Espace de libertés | Janvier 2021 (n° 495)

Web et liberté d’expression : la quadrature du cercle


Dossier

Comment faire ? Comment préserver la liberté d’expression tout en garantissant celle des réseaux sociaux et de leurs utilisateurs ? La question tient de la quadrature du cercle. En témoigne le sort réservé en France à la loi Avia, retoquée par le Conseil constitutionnel qui y a vu en juin dernier un risque d’« atteinte à l’exercice de la liberté d’expression et de communication ». Le Conseil a craint que, forts de cette loi, les Facebook et Cie ne donnent dans la « surcensure ».

Et pourtant, ses défenseurs les plus clairvoyants s’accordent à dire que la liberté d’expression scie, avec les réseaux sociaux, la branche sur laquelle elle est assise. Ce sont eux en effet qui permettent à Matteo Salvini de rester populaire sur la scène transalpine bien qu’il ne fasse plus partie du gouvernement italien. Ce sont eux qui nourriront demain la défiance à l’égard de l’administration Biden sur un air revanchard trumpien. Ce sont eux qui dopent ce cyber-islamisme fatal à Samuel Paty.

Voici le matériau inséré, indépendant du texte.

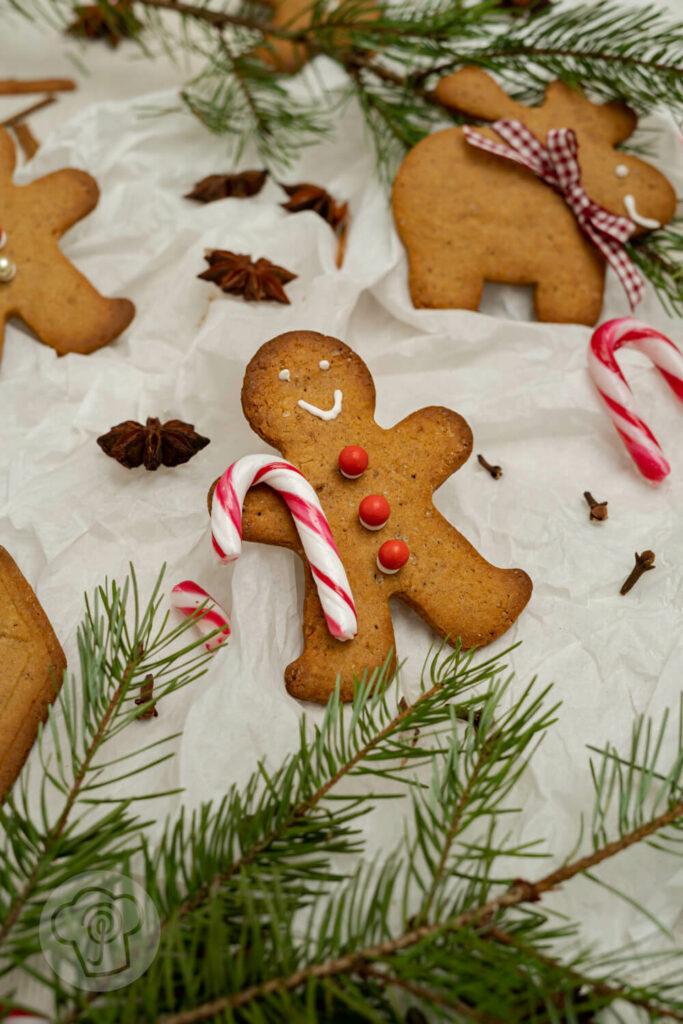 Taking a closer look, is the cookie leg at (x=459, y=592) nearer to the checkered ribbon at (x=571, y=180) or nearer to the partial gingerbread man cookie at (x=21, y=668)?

Personne n’a pour l’instant la solution. Pas davantage aux États-Unis qu’en Europe, où chaque État a ses spécificités légales. Le premier amendement américain protège la liberté d’expression et la presse. Mais, contrairement à la loi française par exemple, il admet les discours haineux pourvu qu’ils n’incitent pas à la violence. En Belgique, on ne peut pas tout dire au nom de la liberté d’expression. L’insulte, la diffamation, etc., sont des actes illégaux. Il faut y ajouter la loi Moureaux contre le racisme et la xénophobie (1981), la loi contre le négationnisme (1995) et la loi anti-discrimination (2007).

Ces particularités compliquent fatalement la donne face à des réseaux sociaux qui n’ont pas de frontières. D’où la question posée par Romain Badouard, maître de conférences et chercheur en sciences de l’information et de la communication à l’Institut français de presse à Paris 2. En dépit des déboires de la loi Avia, dans Les Nouvelles Lois du Web, Romain Badouard se réjouit de voir apparaître d’autres législations nationales imposant aux réseaux sociaux un nettoyage en règle. Il estime qu’une législation européenne est nécessaire. Il s’interroge sur la manière dont les grands annonceurs publicitaires pourraient eux aussi participer à la traque des discours de haine sur le Web. Enfin, « il faudrait donner aux usagers un droit à se faire entendre dans les décisions qui concernent les politiques de publication des réseaux sociaux, et le droit de pouvoir faire appel des décisions prises ». Une « utopie » qui mériterait d’être au moins testée.